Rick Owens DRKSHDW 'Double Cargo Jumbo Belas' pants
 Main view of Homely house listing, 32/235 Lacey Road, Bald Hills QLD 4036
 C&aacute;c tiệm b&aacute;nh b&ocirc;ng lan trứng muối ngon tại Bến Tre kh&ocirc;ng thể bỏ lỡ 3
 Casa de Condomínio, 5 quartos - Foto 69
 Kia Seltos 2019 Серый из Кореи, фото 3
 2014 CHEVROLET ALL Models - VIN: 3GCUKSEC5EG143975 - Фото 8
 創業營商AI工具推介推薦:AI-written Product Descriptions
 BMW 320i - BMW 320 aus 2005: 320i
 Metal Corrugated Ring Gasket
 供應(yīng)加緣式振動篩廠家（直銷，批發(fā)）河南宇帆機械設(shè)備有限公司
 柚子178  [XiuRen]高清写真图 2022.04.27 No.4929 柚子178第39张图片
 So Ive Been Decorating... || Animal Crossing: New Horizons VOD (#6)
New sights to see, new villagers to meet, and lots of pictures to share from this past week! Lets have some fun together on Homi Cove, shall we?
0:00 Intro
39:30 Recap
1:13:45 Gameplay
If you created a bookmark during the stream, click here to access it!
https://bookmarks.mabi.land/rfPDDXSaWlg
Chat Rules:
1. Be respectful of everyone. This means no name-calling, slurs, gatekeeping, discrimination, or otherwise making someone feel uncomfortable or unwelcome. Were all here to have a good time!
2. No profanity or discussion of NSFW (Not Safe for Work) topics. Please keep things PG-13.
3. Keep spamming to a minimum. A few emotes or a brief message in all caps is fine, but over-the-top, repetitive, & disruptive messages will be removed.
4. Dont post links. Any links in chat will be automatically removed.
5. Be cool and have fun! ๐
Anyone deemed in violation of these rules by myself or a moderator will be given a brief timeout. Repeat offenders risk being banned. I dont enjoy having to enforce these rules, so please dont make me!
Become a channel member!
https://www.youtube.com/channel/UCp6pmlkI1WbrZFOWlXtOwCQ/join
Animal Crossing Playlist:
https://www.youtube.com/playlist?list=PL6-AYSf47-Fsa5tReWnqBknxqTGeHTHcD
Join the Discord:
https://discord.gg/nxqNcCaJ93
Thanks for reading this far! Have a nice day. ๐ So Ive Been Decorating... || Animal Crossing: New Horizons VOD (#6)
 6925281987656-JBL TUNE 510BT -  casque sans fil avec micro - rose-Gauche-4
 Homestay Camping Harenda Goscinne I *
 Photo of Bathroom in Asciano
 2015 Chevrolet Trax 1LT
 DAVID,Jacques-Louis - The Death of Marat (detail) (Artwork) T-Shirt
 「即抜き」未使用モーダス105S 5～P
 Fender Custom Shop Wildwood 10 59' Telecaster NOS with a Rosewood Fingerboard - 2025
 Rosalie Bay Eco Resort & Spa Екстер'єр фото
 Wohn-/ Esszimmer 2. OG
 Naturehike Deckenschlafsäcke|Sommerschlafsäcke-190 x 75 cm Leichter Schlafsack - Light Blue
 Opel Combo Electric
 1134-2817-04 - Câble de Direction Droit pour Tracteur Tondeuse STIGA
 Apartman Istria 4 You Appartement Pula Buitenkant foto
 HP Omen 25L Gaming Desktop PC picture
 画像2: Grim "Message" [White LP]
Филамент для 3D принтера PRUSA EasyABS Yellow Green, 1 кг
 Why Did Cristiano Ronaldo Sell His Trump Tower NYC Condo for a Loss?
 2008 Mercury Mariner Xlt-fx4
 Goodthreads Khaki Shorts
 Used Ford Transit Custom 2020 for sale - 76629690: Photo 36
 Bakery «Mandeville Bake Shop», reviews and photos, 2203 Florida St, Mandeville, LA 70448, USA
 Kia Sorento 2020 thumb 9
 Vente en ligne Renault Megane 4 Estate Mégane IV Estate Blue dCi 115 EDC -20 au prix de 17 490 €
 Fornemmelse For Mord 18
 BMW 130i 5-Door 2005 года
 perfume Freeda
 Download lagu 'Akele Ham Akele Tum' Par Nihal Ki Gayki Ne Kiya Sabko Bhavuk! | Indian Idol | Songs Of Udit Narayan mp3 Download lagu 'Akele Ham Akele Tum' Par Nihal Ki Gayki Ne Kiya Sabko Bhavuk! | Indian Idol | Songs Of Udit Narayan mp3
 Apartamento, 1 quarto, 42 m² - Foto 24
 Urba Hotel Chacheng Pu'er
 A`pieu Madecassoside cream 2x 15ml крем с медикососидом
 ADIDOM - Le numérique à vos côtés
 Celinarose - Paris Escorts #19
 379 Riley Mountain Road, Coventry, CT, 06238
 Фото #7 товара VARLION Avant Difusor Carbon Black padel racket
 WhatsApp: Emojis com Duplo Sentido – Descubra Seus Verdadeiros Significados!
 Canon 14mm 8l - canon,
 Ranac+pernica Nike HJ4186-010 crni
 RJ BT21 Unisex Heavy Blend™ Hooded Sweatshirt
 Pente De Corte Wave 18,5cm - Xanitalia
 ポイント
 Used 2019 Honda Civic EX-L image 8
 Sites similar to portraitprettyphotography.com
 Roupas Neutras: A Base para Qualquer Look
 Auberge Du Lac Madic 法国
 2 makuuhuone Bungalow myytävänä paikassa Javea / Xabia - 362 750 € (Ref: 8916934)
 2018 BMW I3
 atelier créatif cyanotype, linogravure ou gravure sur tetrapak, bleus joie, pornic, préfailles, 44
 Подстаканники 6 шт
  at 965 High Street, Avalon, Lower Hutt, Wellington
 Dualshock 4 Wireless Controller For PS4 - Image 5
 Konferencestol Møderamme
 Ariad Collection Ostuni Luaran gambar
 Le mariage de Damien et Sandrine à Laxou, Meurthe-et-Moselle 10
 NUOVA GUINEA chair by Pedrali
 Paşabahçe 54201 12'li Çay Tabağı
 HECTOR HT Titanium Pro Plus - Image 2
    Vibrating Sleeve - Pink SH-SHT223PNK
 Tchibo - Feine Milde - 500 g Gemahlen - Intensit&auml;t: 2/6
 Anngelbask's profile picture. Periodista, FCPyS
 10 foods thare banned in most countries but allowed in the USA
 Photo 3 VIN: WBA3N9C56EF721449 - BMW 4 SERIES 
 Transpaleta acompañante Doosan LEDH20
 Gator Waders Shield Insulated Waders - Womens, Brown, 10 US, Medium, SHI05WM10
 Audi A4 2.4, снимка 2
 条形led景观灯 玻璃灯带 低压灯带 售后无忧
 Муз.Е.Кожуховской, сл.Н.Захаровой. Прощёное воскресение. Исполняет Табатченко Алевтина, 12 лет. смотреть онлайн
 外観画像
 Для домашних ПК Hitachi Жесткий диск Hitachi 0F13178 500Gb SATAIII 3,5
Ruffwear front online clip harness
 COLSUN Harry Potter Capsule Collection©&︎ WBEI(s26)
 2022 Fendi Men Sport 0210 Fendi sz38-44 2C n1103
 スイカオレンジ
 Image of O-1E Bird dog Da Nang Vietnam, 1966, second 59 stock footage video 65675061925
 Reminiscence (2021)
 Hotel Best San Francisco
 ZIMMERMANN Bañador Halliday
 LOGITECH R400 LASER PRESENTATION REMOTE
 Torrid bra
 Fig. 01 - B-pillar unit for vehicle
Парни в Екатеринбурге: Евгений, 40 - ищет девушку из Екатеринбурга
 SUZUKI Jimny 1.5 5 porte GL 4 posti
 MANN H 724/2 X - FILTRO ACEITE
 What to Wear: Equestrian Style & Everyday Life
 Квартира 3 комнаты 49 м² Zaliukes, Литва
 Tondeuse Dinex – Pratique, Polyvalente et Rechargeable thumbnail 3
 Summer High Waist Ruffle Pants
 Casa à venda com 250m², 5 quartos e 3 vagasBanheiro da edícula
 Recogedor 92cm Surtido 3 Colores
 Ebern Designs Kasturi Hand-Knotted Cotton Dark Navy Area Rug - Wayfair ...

- AIM OF THE EXERCISE -
What is asked for is an exact copy of the lines above from the one containing "Wohn-/ Esszimmer 2. OG" through the one containing "Kia Sorento 2020 thumb 9", and only those.

- RESULT -
 Wohn-/ Esszimmer 2. OG
 Naturehike Deckenschlafsäcke|Sommerschlafsäcke-190 x 75 cm Leichter Schlafsack - Light Blue
 Opel Combo Electric
 1134-2817-04 - Câble de Direction Droit pour Tracteur Tondeuse STIGA
 Apartman Istria 4 You Appartement Pula Buitenkant foto
 HP Omen 25L Gaming Desktop PC picture
 画像2: Grim "Message" [White LP]
Филамент для 3D принтера PRUSA EasyABS Yellow Green, 1 кг
 Why Did Cristiano Ronaldo Sell His Trump Tower NYC Condo for a Loss?
 2008 Mercury Mariner Xlt-fx4
 Goodthreads Khaki Shorts
 Used Ford Transit Custom 2020 for sale - 76629690: Photo 36
 Bakery «Mandeville Bake Shop», reviews and photos, 2203 Florida St, Mandeville, LA 70448, USA
 Kia Sorento 2020 thumb 9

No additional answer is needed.